Liberal Youth's amendment, removing all the proposed actions that aren't already in place, was purist in nature but liberal in intent. I wasn't in favour of the second element, arbitrary in nature, inaccurate in fact and unachievable in timing. It is a sign of EMLD's failure to establish a credible case that it was passed anyway.

Given the butchered state of the motion as finally passed, it is as though the past four and a half years had never happened. There have been some bright spots. The appointment of a National Diversity Advisor, the creation of a Diversity Unit, a dedicated post for dealing with minority and specialist media and, above all, the Next Generation Initiative, are genuinely positive steps. But we need real action across the board, with more people with more knowledge brought into the network.

I have been contacted by a number of individuals, women and BAME, who think that my experience may be of use to them. Apart from being flattered, I am delighted to be able to make a small contribution towards helping them to make the breakthrough. Success as a candidate is dependent on talent, but also being in the right place at the right time, and seizing the opportunities when they come. A bit of information, well-applied, will make that easier.

Finally, we are where we are. All of us, if we're serious about establishing a diverse party at every level, need to do our bit, and fast. Selections in winnable seats will start, and unless we are ready, they will slip by, leaving us to play catch-up with lead shoes on. There simply isn't time to lose...


Lester Holloway said...

You've made this point before about EMLD not building coalitions - on LDV - well, I and many others spent the whole conference talking to delegates, MPs, CGB, DELGA etc etc. We consulted extremely widely on the motion itself before conference, your accusations don't equate witth reality.

If you had consulted us about your main point, the definition of BAME, we'd have told you about all the work that has been done in this area, maybe clearing up that point before your speech.

Mark Valladares said...


I disagree. You consulted the people that you thought were influential, not the people who might have been useful.

Our candidate system is run by Regional Candidates Chairs, Returning Officers and candidate assessors. You didn't bother to consult with them, as became painfully obvious. These are people who live with, and care deeply about, the outcomes of selections. They are traditionally sceptical about quotas, but surprisingly pragmatic in pursuit of fairness.

On your second point, I can only view the suggestion that I should consult you as arrogance personified. It is for you, as the promoter of change, to make the case for that change, and it appears that you failed to do so. You, or Meral, or anyone else, could have addressed the issue of definition. One in six of the non-white population is of mixed race, so it is hardly of minor import.

The impression given by some members of EMLD is that dissent from the groupthink is akin to betrayal. It isn't, it is honest disagreement. I respect your views, even if I don't agree with them.
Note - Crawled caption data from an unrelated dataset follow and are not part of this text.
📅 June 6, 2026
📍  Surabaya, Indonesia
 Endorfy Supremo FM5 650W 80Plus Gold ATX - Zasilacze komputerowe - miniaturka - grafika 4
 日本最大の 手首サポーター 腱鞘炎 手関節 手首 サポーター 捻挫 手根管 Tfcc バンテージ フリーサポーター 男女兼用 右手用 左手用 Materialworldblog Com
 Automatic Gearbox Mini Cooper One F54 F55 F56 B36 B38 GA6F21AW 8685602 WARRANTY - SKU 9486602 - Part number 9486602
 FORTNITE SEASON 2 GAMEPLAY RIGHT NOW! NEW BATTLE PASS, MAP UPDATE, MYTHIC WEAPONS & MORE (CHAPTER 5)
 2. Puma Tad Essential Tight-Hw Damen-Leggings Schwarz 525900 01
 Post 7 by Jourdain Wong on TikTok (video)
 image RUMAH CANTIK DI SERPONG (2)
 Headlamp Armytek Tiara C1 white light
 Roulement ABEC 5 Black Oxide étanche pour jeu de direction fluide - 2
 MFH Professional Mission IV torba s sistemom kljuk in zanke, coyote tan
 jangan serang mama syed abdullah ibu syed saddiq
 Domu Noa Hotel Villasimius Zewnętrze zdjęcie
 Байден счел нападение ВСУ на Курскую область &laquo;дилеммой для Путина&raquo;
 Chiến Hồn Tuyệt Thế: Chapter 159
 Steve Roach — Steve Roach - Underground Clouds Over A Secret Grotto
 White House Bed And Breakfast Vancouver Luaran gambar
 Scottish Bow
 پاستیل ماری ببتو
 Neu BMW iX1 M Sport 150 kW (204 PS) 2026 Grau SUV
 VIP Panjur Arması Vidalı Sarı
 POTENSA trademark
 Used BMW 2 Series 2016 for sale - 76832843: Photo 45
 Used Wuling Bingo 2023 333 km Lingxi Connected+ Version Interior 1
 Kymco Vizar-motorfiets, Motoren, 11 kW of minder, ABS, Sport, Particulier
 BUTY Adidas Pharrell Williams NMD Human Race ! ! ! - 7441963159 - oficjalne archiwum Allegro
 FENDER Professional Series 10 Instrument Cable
I am yet to be convinced that you reciprocate.

Lester Holloway said...

Mark, I hope my comments are not "arrogance personified" I was simply pointing out that there has been work done on the subject of definitions, precicely (in my interpretation) to take this particular red herring out of the pan that has been wheeled out as a stumbling block over many many years and in many different places whenever the demand for race equality is made.

Maybe we didn't consult everybody, but you know one day people like me will give up fighting for this issue and the party will be left in peace. I think I might offend if I said what the implications of that would be.

Mark Valladares said...


Alright then, let's see the definition and see who is included and who isn't. Whilst EMLD's leadership have talked about having a definition, nobody seems willing to publish it. Given that, in the event of any dispute as to eligibility, an appeal panel would need to be convened, it might be nice to know what they would have to work with if your proposals are passed at some future point.